> **TASK MATERIAL**:
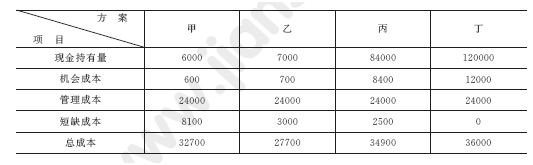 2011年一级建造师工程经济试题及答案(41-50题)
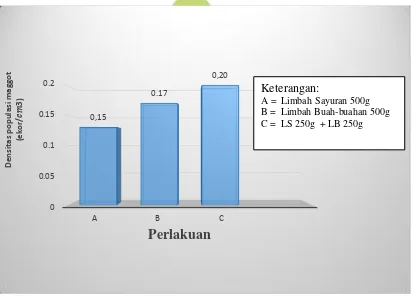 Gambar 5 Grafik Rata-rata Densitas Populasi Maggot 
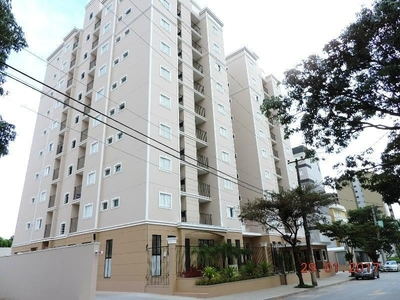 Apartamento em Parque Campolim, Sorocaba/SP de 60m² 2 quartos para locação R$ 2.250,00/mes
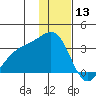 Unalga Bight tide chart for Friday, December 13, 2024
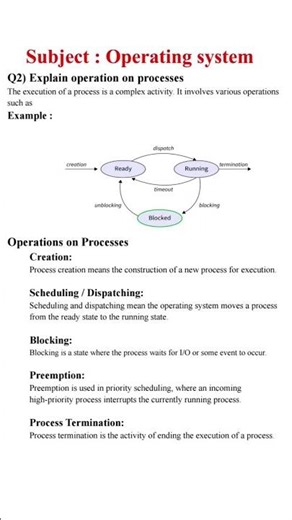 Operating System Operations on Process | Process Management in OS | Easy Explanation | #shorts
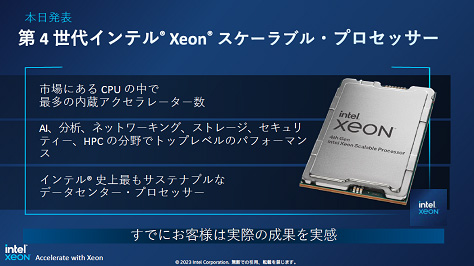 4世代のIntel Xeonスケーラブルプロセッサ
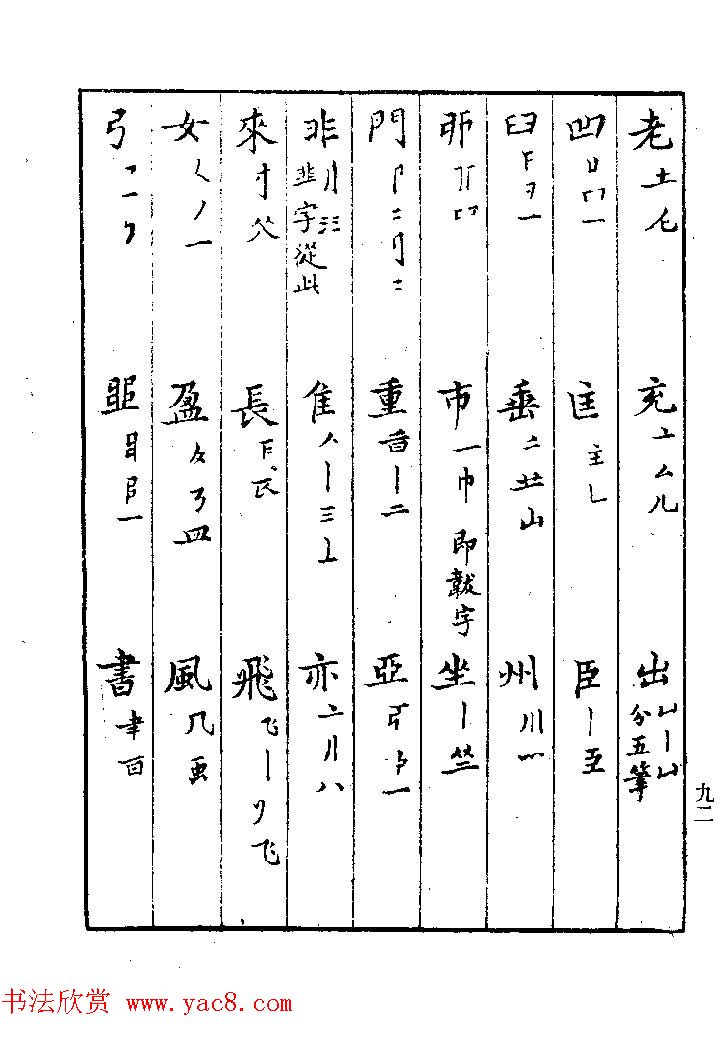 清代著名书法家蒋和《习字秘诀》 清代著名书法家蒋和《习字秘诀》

...

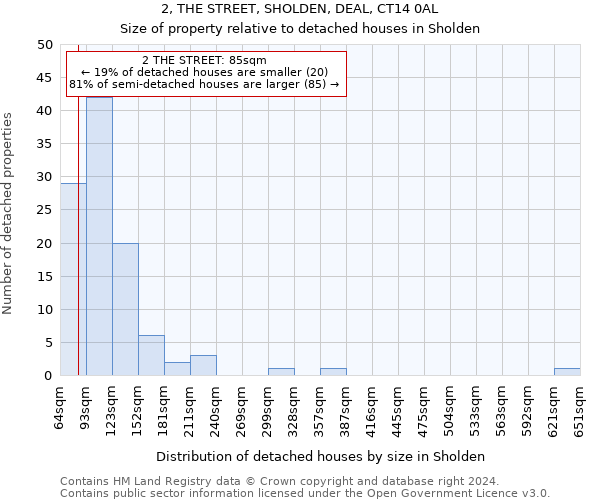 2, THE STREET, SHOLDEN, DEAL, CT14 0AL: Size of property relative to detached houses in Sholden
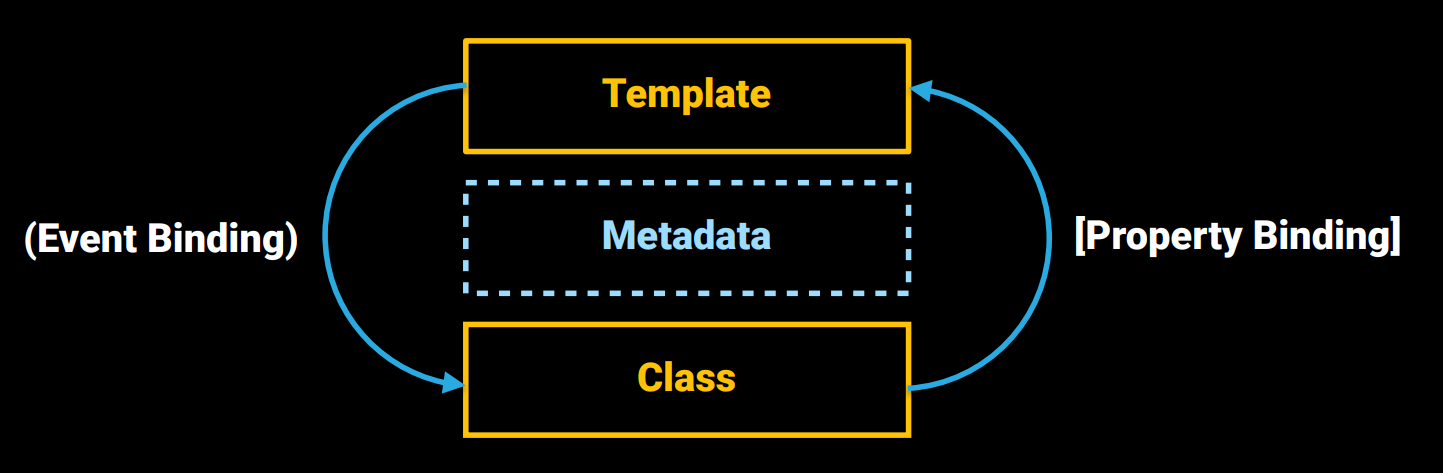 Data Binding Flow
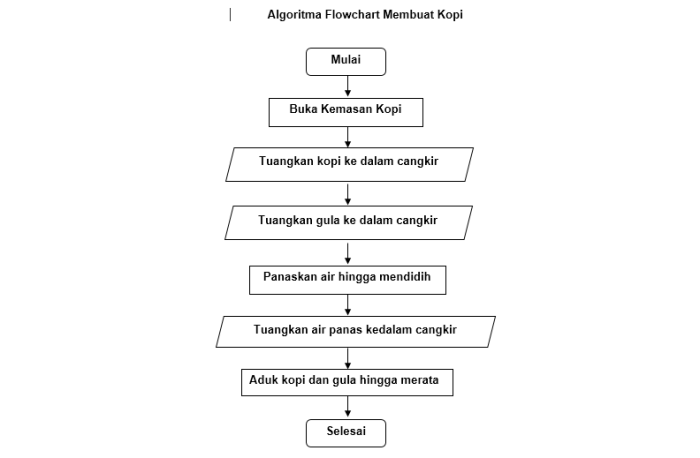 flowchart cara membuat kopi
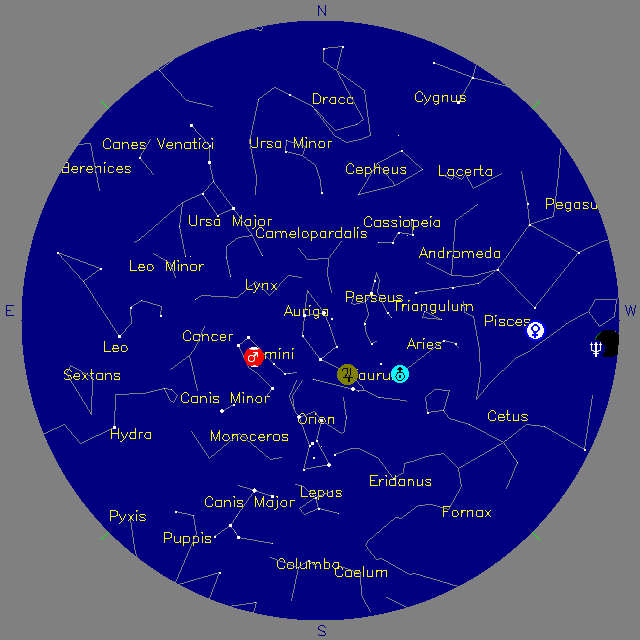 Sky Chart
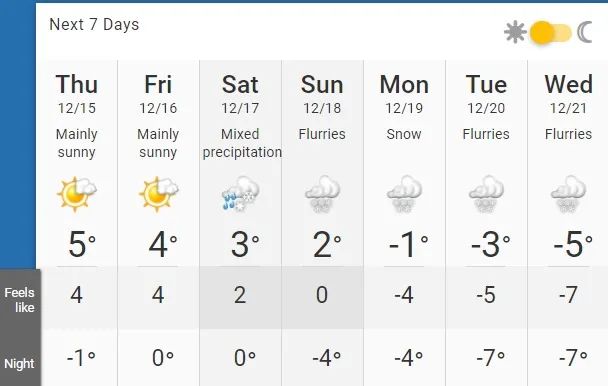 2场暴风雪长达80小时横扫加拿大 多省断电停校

> **TASK TO CARRY OUT**:
What you return from the records above should be exactly everything from the line with "2, THE STREET, SHOLDEN, DEAL, CT14" down to the line with "2场暴风雪长达80小时横扫加拿大 多省断电停校", both kept, and no pictures.

> **TASK SOLUTION**:
 2, THE STREET, SHOLDEN, DEAL, CT14 0AL: Size of property relative to detached houses in Sholden
 Data Binding Flow
 flowchart cara membuat kopi
 Sky Chart
 2场暴风雪长达80小时横扫加拿大 多省断电停校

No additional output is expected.